Right now I would be looking at the E6750 or E6850 and a board with the X68 chipset for future compatibility with 1600 MHz FSB/45nm CPUs.


----------



## Wakaba >.< (Oct 18, 2007)

Cooler Master Case

GIGABYTE GA-p35-ds3r

MSI GeForce 8800ultra (factory overclocked)

Arctic Colling Freezer CPU cooler

Rosewill 750w PSU

2 RD Raptor 150G 10,000rpm in RAID0

SAMSUNG 20X DVD±R DVD Burner Black SATA Model SH-S203B - OEM 

CORSAIR 2GB (2 x 1GB) 240-Pin DDR3 SDRAM DDR3 1333 (PC3 10600) Dual Channel Kit Desktop Memory Model TWIN3X2048-1333C9 - Retail 

Intel Core 2 Quad Q6600 G0 Stepping Kentsfield 2.40GHz 8MB L2 LGA 775 Processor OEM HH80562PH0568M SLACR

whats the difference between an OEM core quad and a Retail core quad? why the price difference?

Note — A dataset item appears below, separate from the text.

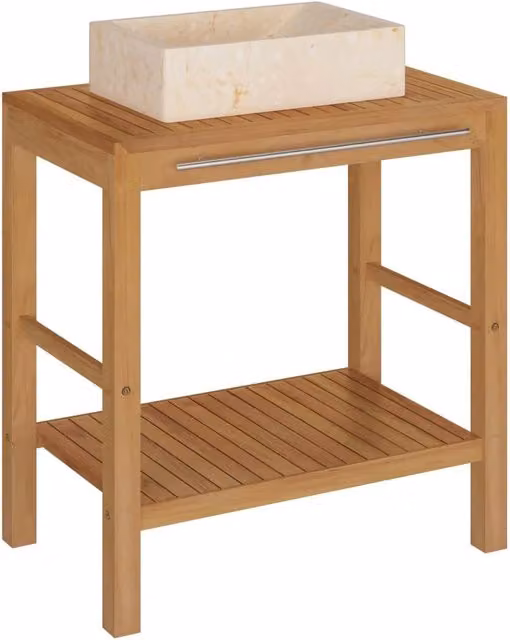 Mobile da bagno 74 x 45 x 75 cm in teak massello con lavabo in marmo crema 02_0006620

anyways this comes to about 1900 or so, including shipping , without rebates. what do you think?


----------



## Wakaba >.< (Oct 18, 2007)

okay, just saw thematts post. what is performance difference between those 2 duo's you mentioned and the core quad? isnt the quad better?


----------



## manic (Aug 2, 2005)

Pretty pricey components, I'll say that. You've done well in the pricing,
I did a rough estimate and came in a little higher. With oem cpus you
dont get the 3 year warranty, or whatever it is nowadays, most of 
the time you will get a hsf, but generic. With retail you get the 
warranty, original box with genuine heatsinkfan. Most places will
give you a 30,60,or 90 day warranty on cpus. For me if the price is
just a few bucks extra I will go for retail, but if its a good chunk o'
change I will buy oem.


----------



## Wakaba >.< (Oct 18, 2007)

eh, so ram wont work with mobo, only mobo i found supporting it got bad reviews about its raid capabilities... http://www.newegg.com/Product/Product.aspx?Item=N82E16813131181


----------



## TheMatt (May 9, 2006)

It is very good for the most part.

I would change out the power supply to a high quality unit. Rosewill is notorious for making low quality power supplies. Look at something like this:
http://www.newegg.com/Product/Product.aspx?Item=N82E16817703009

Also, don't spend your money on overpriced DDR3 RAM that no system will be able to use for many years. This RAM will future proof your system for Intel's upcomming 1600 MHz FSB:
http://www.newegg.com/Product/Product.aspx?Item=N82E16820145034


----------



## Wakaba >.< (Oct 18, 2007)

I think this is the final setup. Changed the Mobo, RAM, PSU (as suggested) and added a 3.5 floppy. But the floppy says its compatible with windows 2000/XP/ME/98 , but nothing about vista. does this mean it is NOT compatible? couldnt find any on newegg that stated they were. well anyways, build is still at about 2000


Cooler Master Case


MSI GeForce 8800ultra (factory overclocked)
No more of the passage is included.